En cette période troublée que traverse le Liban, le niveau accru d’énergie et de mobilisation au cœur de la diaspora est clairement visible. Alors que le changement semblait impossible au niveau des divisions communautaires dans la mère-patrie et au sein des regroupements politiques et des associations de la diaspora, le dernier mouvement populaire d’octobre 2019 a initié un changement structurel dans l’attitude de la diaspora vis-à-vis de la politique libanaise, en phase avec la mobilisation de la rue au Liban.

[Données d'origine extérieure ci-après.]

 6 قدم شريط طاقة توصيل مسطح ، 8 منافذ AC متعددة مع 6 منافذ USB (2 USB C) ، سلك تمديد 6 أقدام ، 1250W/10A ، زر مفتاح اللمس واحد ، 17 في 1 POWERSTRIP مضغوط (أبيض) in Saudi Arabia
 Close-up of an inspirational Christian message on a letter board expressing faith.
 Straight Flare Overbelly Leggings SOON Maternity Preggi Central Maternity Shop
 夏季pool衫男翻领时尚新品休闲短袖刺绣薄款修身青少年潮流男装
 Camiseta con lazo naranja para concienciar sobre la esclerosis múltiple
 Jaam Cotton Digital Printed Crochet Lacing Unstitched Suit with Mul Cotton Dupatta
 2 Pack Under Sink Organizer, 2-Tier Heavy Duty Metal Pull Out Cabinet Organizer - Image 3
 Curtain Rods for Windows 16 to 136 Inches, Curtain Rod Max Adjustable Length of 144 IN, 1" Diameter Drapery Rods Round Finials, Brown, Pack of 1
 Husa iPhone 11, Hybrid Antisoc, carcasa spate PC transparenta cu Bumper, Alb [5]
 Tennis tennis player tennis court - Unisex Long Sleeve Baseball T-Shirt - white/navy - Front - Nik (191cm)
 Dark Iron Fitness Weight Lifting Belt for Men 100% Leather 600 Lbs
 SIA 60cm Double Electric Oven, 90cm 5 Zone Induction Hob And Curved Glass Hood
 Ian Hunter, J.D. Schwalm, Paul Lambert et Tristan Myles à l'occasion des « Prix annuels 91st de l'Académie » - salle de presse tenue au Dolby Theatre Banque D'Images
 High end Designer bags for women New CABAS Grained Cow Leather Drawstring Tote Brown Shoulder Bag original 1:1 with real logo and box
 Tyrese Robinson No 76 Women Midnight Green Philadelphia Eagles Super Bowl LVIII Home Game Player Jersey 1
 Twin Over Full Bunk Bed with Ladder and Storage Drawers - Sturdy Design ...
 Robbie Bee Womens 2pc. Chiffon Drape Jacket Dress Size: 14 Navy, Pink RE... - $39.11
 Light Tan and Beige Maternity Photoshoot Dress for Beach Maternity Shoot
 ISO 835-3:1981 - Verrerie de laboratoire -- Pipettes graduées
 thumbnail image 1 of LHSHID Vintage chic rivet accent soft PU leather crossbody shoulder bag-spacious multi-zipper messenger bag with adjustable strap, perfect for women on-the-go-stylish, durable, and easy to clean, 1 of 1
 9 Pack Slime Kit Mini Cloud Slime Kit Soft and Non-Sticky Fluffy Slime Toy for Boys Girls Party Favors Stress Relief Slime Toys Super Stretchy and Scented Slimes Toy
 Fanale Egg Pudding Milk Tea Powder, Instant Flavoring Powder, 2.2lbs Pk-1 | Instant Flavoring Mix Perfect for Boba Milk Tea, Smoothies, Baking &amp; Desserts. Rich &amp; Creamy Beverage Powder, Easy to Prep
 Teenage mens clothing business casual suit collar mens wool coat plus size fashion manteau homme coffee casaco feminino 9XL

Ainsi est né le mouvement global de « Meghterbine Mejtemiine » ou « Émigrés unis ». Ils se sont rassemblés par milliers dans les villes principales du monde, en signe de solidarité avec leurs amis et leur famille au pays, élevant la voix contre la corruption, la mauvaise gouvernance et l’injustice. Ils ont protesté, organisé des collectes de fonds, lancé des campagnes pour encourager de nombreux émigrés à rentrer chez eux pour les vacances, revigoré des associations professionnelles, et entamé de nouvelles initiatives dans leurs pays d’adoption, à l’instar d’Impact Lebanon en Grande-Bretagne, ou de NeoLeb au Canada, entre autres. Ces initiatives de solidarité remontent le moral de leurs concitoyens au Liban et créent un sentiment de citoyenneté partagée, transnationale et déterritorialisée.

A un moment où le Liban a besoin d’emprunter la voie du développement durable et d’encourager les compétences et les talents localement, plutôt que de les exporter, l’appui de la diaspora se révèle essentiel pour améliorer ce processus. Toutefois, en vue d’assurer le succès de cette entreprise, le pays devra faire son possible pour garder sa diaspora engagée et bien ancrée dans sa terre d’origine. Alors que l’ouverture du vote à la diaspora en 2018 (élections législatives) était une mesure bienvenue et allant dans la bonne direction, une manière infaillible de renforcer l’engagement de la diaspora sera d’établir, au Parlement, une circonscription électorale propre aux émigrés.

Les Libanais emmènent leur patrie dans leurs bagages là où ils vont, et leur patrie d’origine aspire à leur appui. Outre le fait qu’ils envoient de l’argent au pays, les émigrés ont prouvé qu’ils sont également source d’espoir, d’énergie et de sentiment d’unité.